API tokens must be stored securely and should never be exposed on the client side or in public repositories. Store tokens in secure environment variables or dedicated secrets management systems like AWS Secrets Manager, HashiCorp Vault, or Azure Key Vault. Never hardcode tokens in application code or commit them to version control. Implement proper access controls so only authorized services can access stored tokens. For production environments, use separate tokens from development/testing environments. Rotate tokens periodically and immediately revoke tokens if you suspect they've been compromised. Makini tokens provide access to customer data, so treat them with the same security standards you'd apply to database credentials.
For bulk operations, we recommend batch processing with appropriate rate limiting and error handling. Makini Flows provides built-in batch processing capabilities with configurable batch sizes, delays between batches, and error handling. For API-based bulk operations, implement pagination when retrieving large datasets—our API returns results in pages with continuation tokens for fetching subsequent pages. When writing large volumes of data, break operations into smaller batches (typically 50-100 records per batch) with delays between batches to avoid overwhelming the target system. Implement comprehensive error logging to identify which specific records fail in a batch. For very large operations (thousands of records), consider asynchronous processing patterns where you queue operations and process them in the background.

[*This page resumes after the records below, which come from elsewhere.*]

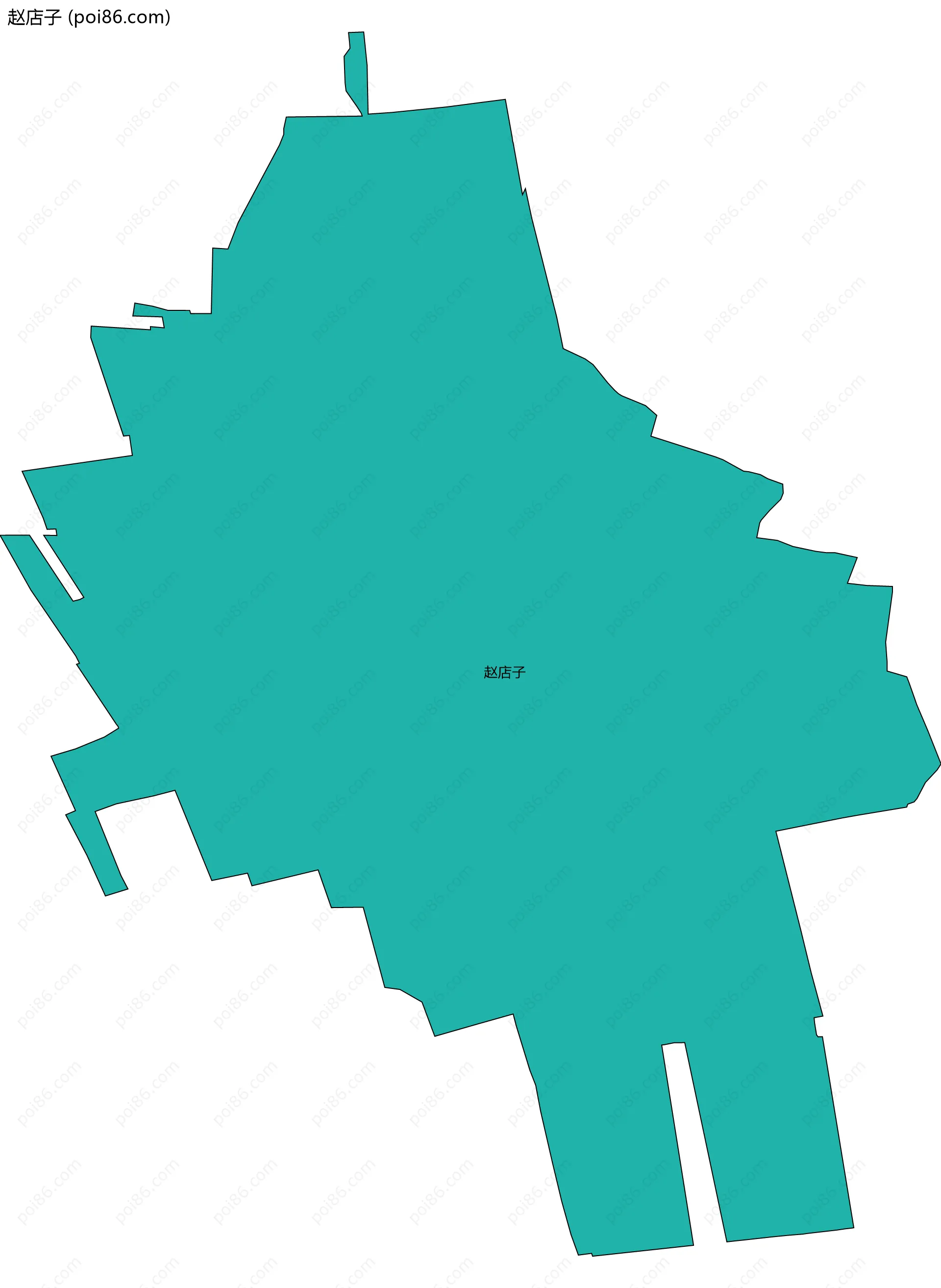 赵店子边界地图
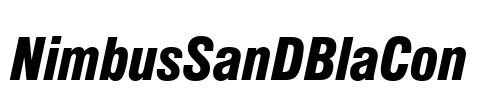 NimbusSanDBlaCon Font Image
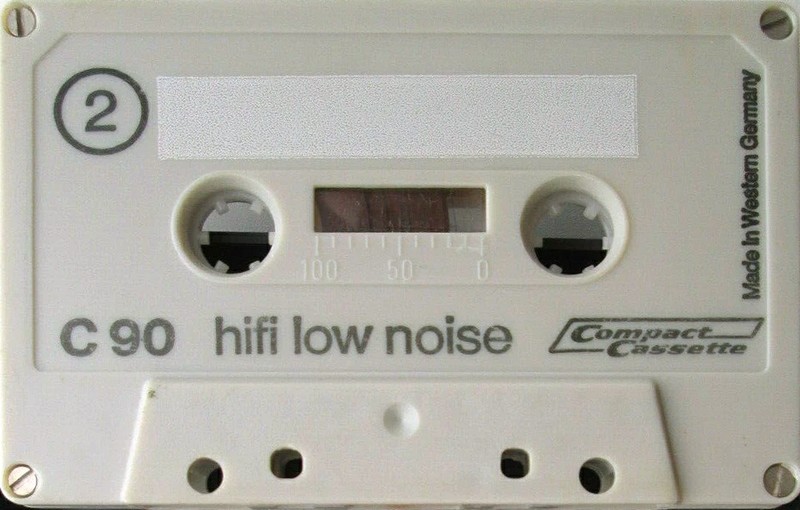 Compact Cassette Troubadour 90 Type I Normal 1976 Germany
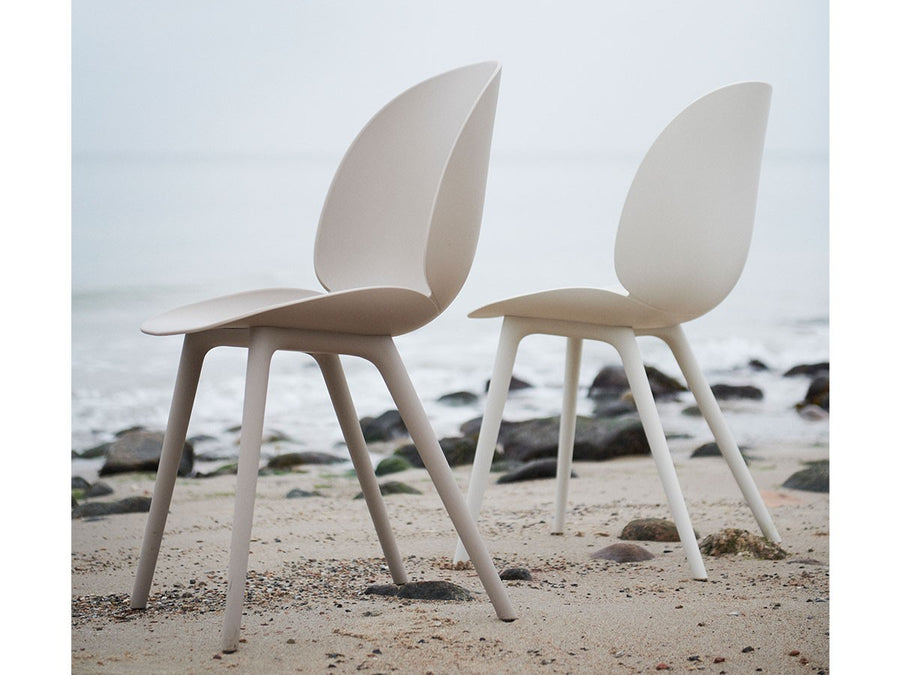 Beetle Dining Chair Un-Upholstered - Plastic base, Monochrome, Outdoor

When a system becomes unavailable, Makini detects the connectivity failure and marks the connection status accordingly. Scheduled syncs will fail with connectivity errors. API requests to the connection will return error responses indicating the system is unreachable. Makini continues attempting scheduled syncs using exponential backoff—initial retries happen frequently, then progressively less often to avoid overwhelming the system when it comes back online. Webhooks notify you of the connection status change. When the system comes back online, normal operations resume automatically. For temporary outages, no action is required. For extended outages, you may want to notify the customer. Connection credits remain consumed during outages since the connection configuration persists.